With fresh legislation to restore power-sharing to Northern Ireland being rushed through parliament with little resistance, a new government at Stormont could be formed by next week. It will, for the first time in the history of the province, be headed – at least symbolically – by someone who is an Irish republican, Michelle O’Neill, the vice president of Sinn Fein. It is another fascinating and perhaps portentous pact of recent historic developments. Just for a second, there appear to be grounds for optimism...

Does this mean that Sinn Fein now run Northern Ireland?

No – because of power-sharing no one community or political party can ever boss the others, and the principle of consent is central to the delicate machinery set up in the Belfast Good Friday Agreement back in 1998. The Unionists retain a veto, and the deputy first minister, presumably Sir Jeffrey Donaldson, will in effect be a co-first minister. Northern Ireland is thus unusual in the world in being a “duarchy” with the ultimate executive power shared by two figures with equal power, as well as a wide variety of parties being given ministerial roles – the Ulster Unionists, Alliance Party and Irish nationalist SDLP will also fill the government jobs. It’s rather like a government made up of a Tory premier, Labour deputy and with Lib Dems, SNP, Plaid and Greens all in the cabinet.

So why is this such a big deal for Sinn Fein?

It’s a big deal because of the symbolism and prestige attached, however spurious in reality, to that title of “first minister”. Ironically, when the Unionist parties were always expected to be the largest single grouping and would thus supply the nominee for first minister, with the SDLP or Sinn Fein second and inevitably “deputy”, Sinn Fein suggested that the two roles be relabelled “co-first minister”. That idea never got very far, but, with hindsight it might have been better if the Unionists had indeed followed the SDLP’s advice.

In fact, this has been a long time coming, in the sense that Sinn Fein actually “won” the role because they became the largest party in the Northern Ireland Assembly back in the May 2022 elections, after the DUP lost substantial support to more hardline, Loyalist groups. So in effect, O’Neill has been first minister-designate for almost two years. The DUP had already boycotted the Assembly and Executive over their objections to the Brexit Northern Ireland Protocol by the time of the elections, but some say their determination to stay outside was strengthened by their symbolic demotion to second party in the province and having to make do with the deputy role – hard to accept after so long in the ascendancy.

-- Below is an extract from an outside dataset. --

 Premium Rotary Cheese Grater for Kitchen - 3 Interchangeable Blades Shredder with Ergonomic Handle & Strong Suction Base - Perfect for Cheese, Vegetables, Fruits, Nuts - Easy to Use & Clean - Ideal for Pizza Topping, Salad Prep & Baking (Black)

South of the border, Sinn Fein has also been making progress and is now in the lead in the opinion polls, albeit sagging a little in recent months. At the moment they are the main opposition to the grand coalition formed by the historic but now denuded two main parties, Fianna Fail and Fine Gael, neither of which would want to form a coalition with Sinn Fein – quite a lot of history and ideological baggage stands in the way. Even so, if Sinn Fein got lucky they could find themselves in office and with a share in power north and south of the border on the island of Ireland. If that ever came to pass they would be able to boast at least a simulacrum of a unified 32-county Ireland.

Nonetheless, as her Republican critics argue, O’Neill and her colleagues will find themselves administering a province of the United Kingdom that was imposed through partition in 1922, and never accepted by Republicans, and of course, violently opposed by some. It does, incidentally, beg the question as to why, if O’Neill and her colleagues are willing to take part in a “British” administration in Belfast they still refuse to send their elected MPs to Westminster.

How big a disappointment is it for the Unionist community?

For democratic parties, losing an election, as the DUP did in 2022, is always a disappointment, but the poignancy is heightened by the fact that, if added together, the Unionist votes that go to the DUP, the older and more moderate Ulster Unionist Party (which used to dominate politics) and the Loyalist group Traditional Ulster Voice would be sufficient to secure the first minister role and form a more coherent Unionist force in the institutions. But they argue too much.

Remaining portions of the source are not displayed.